JOHN MUELLER: Yeah. So when it comes to technically recognizing duplicate content like this, we use a variety of ways to do that, and sometimes we'll even look at things like saying, well, this looks very similar. It's not exactly duplicate, but it's very similar, therefore, we'll treat it as being the same. So that's something where we wouldn't say you need to focus on a certain number of words or where you'd need to like alternate every other sentence or something like that. I don't think this type of filtering is something you'd need to kind of work around. This is essentially the normal part of web search, a normal thing that you don't need to kind of like eliminate from your website.

AUDIENCE: Yeah. OK. Excellent. Thanks, John.


AUDIENCE: Just a question on when you mentioned duplicate content from other websites. Would you recommend putting a kind of locking citationing back to that website just to kind of ensure that you kind of want to show that you're not trying to steal that content, you're actually just referencing it?

JOHN MUELLER: You can do that. It's not something that our algorithms specifically look for, but I think that's always a good practice. It helps people to understand your content a little bit better, but it's not something where we technically watch out for. And similarly using something like I think the HTML5 site tag is something you can do if you want to do that. It's not something that we would say, oh, this looks like a quote from another website, therefore, we shouldn't count it for this website. Sometimes discussions around a quote are just as valuable as a quote itself. So it's something I think is a good practice, but it's not something that our algorithms would specifically look for.

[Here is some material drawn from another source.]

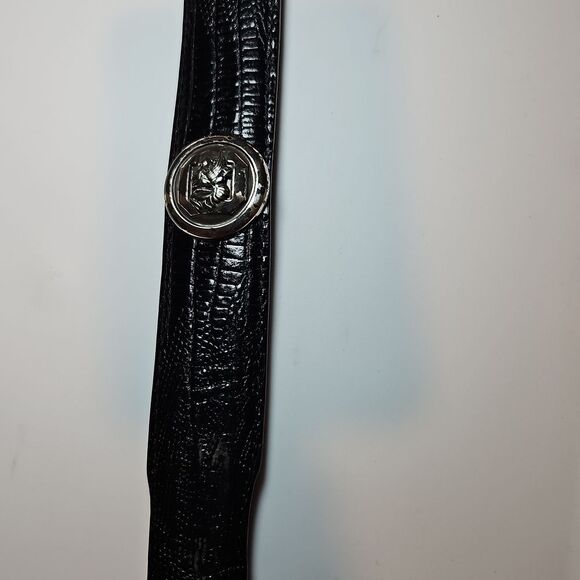 Black Leather Belt with Silver Buckle waist 32"-35" Vintage USC GAMCOCKS rare - Picture 2 of 7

AUDIENCE: OK. No, that's fine.

JOHN MUELLER: All right. Let's look at a few more of these. Robots.txt, we have a lot around robots.txt nowadays. So it used to be that people would say they used robots.txt to eliminate duplicate content. We'd see a lot of things like this on the side where the robots.txt file disallows everything with parameters in it. And that's essentially causing more problems than it solves, because if we can't crawl those pages, if we can't recognize that they're duplicate, and we can't filter them out afterwards. Well, essentially you have your original content, all of these duplicates with the parameters, which will index just with the URL alone, and we won't know that they actually belong together. So if someone were to link to one of these URLs with a parameter, we wouldn't know that we can actually forward this link onto your main content. We'd say, oh well, someone is linking to this URL that happens to be roboted. It must be relevant, so maybe we'll show it in the search results as well. So robots.txt is a really bad way of dealing with duplicate content. Best is, of course, to have a clean URL structure from the start. That's not always possible if you're working with an existing site. Using 301 redirects is a great way to clean that up. Using rel canonical is very useful. The parameter handling tool also helps you in situations where you might not be able to use redirects or rel canonical.

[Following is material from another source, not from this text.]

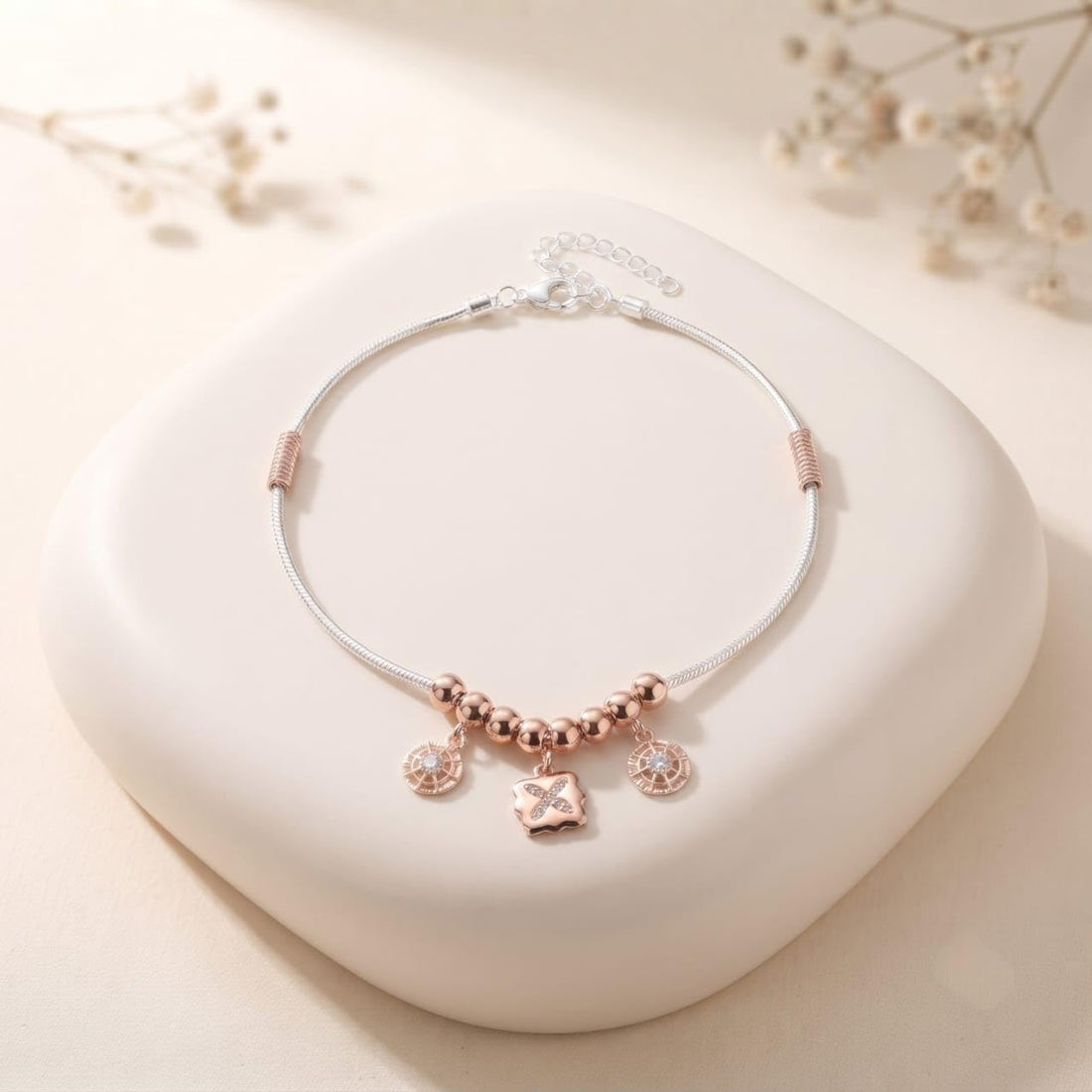 Silvme 925 Sterling Silver Rose-Gold Bead Floral CZ Charm Anklet for Women & Girls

AUDIENCE: John, just going back to that. You're saying just let Google crawl everything, because we do have some of that stuff blocked in robots where the dropdowns for search and dropdowns for filtering are all being or were being indexed, and so we'd have thousands of pages. And previously that was a general feeling that that was duplicate content, so it doesn't look good. Particularly if you go into the web master talks forums and ask that question, you get jumped on straight away. The general feeling in those forums is, block it, get rid of it, don't have it expire if it's duplicate.

JOHN MUELLER: Yeah. I think it's always a good practice to clean up duplicate content if you recognize it. I think that's something I'd recommend doing if you can do that.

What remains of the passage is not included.